# Activity:
Leave out the images and repeat the listing below without a single change.

# Exercise materials:
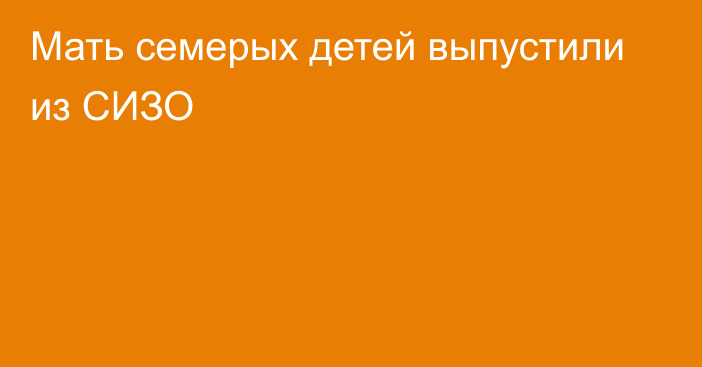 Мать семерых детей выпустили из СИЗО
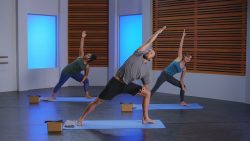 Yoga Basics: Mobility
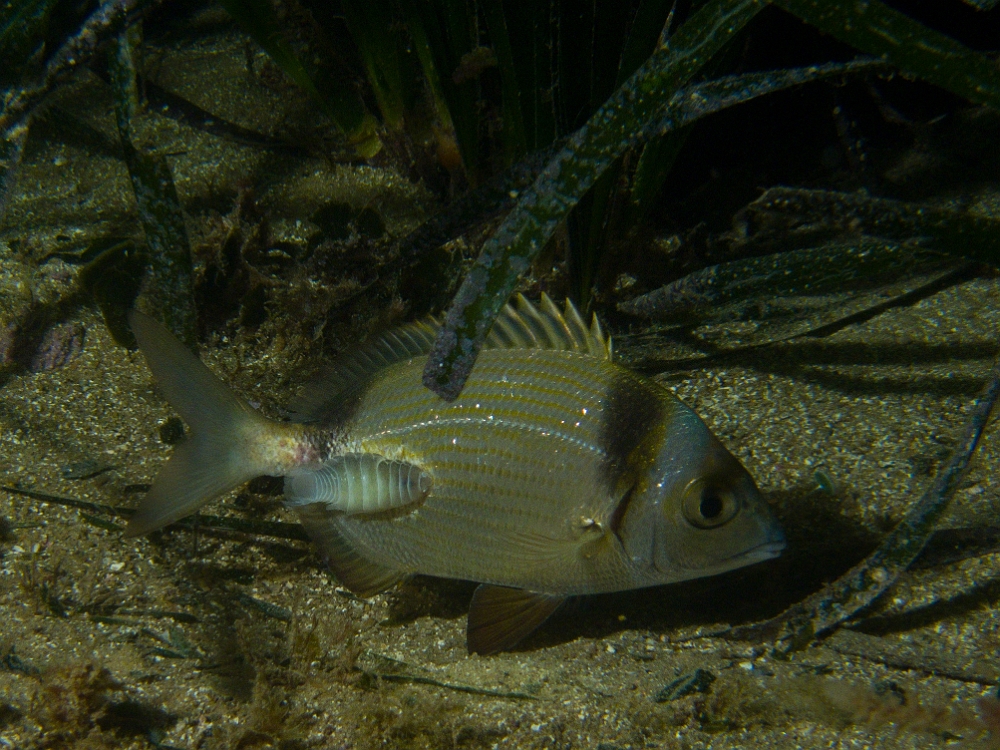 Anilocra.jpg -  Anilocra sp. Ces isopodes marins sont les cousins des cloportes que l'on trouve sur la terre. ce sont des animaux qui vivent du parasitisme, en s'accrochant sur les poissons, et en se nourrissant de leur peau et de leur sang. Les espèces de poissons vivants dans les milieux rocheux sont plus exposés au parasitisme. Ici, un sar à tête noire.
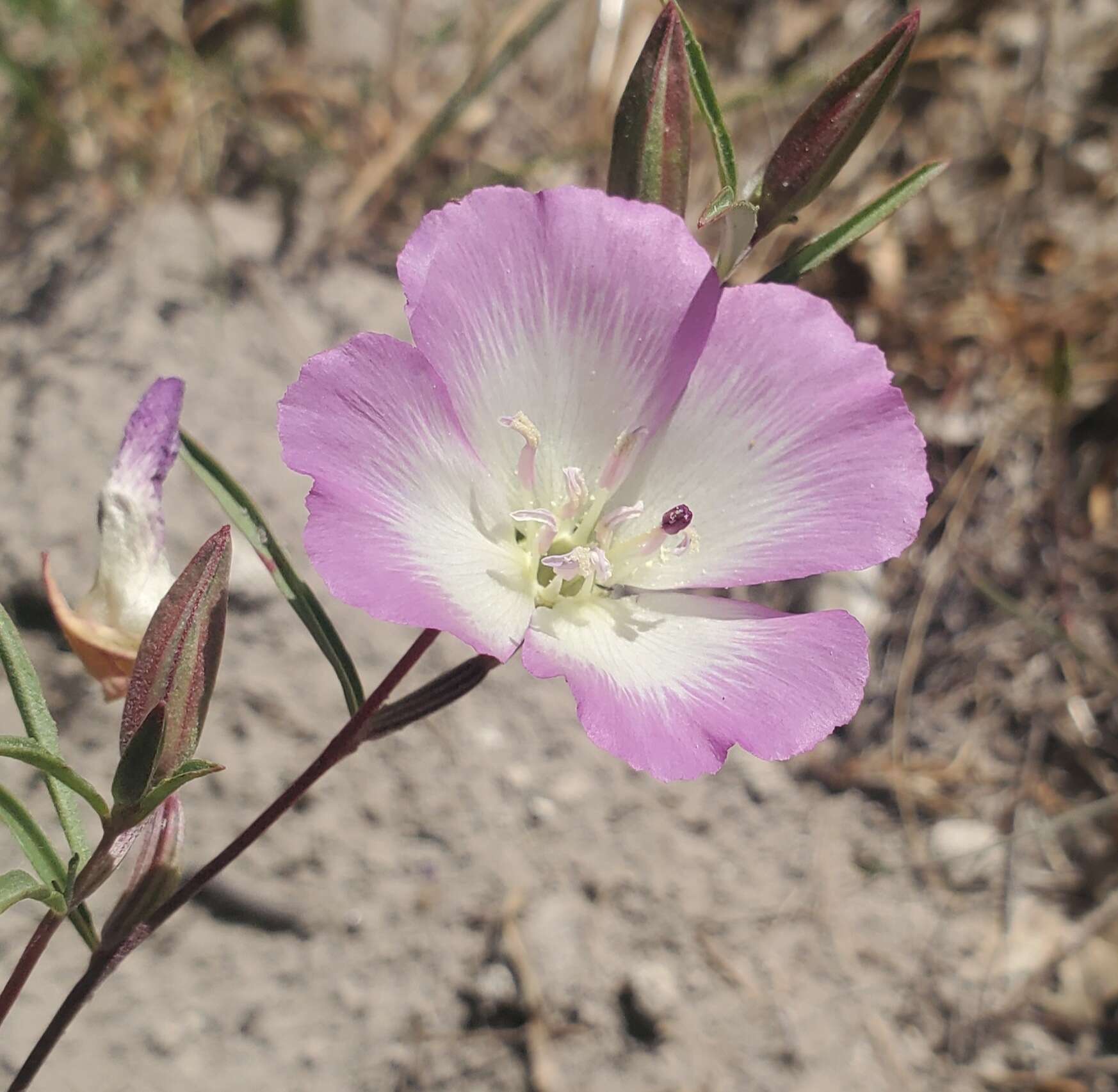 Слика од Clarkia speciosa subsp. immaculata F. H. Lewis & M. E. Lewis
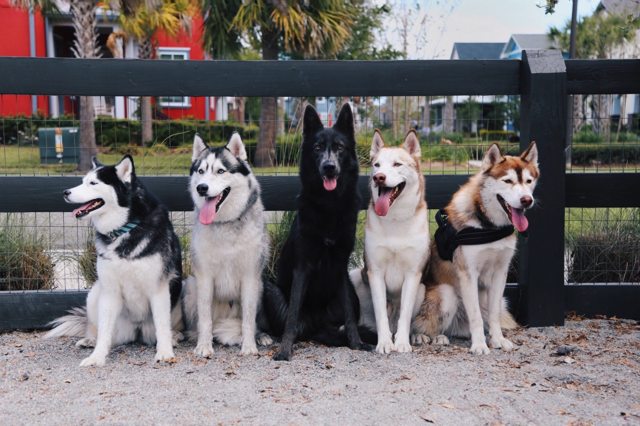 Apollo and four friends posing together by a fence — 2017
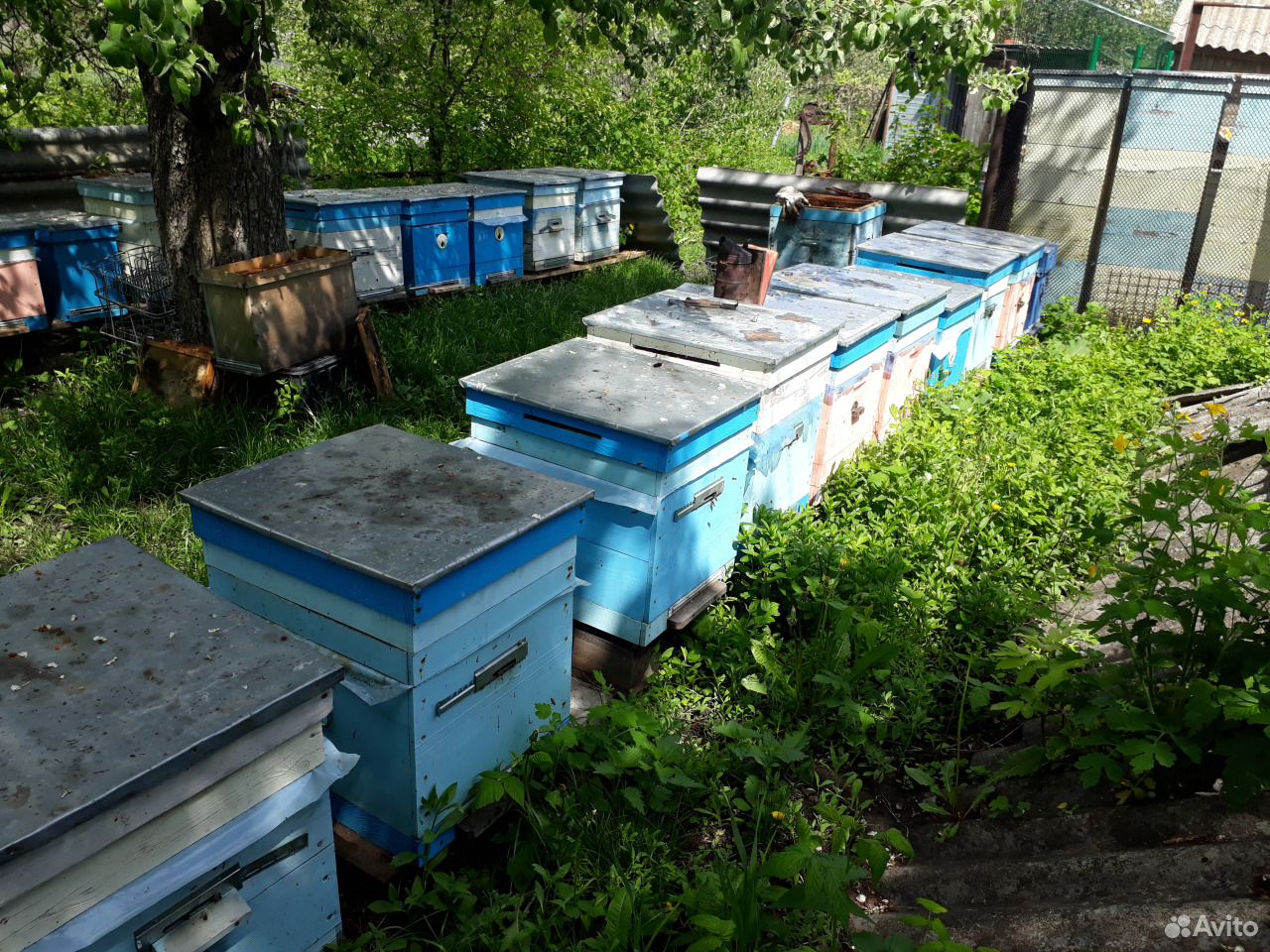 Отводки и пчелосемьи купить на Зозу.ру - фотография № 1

# Answer box:
 Мать семерых детей выпустили из СИЗО
 Yoga Basics: Mobility
 Anilocra.jpg -  Anilocra sp. Ces isopodes marins sont les cousins des cloportes que l'on trouve sur la terre. ce sont des animaux qui vivent du parasitisme, en s'accrochant sur les poissons, et en se nourrissant de leur peau et de leur sang. Les espèces de poissons vivants dans les milieux rocheux sont plus exposés au parasitisme. Ici, un sar à tête noire.
 Слика од Clarkia speciosa subsp. immaculata F. H. Lewis & M. E. Lewis
 Apollo and four friends posing together by a fence — 2017
 Отводки и пчелосемьи купить на Зозу.ру - фотография № 1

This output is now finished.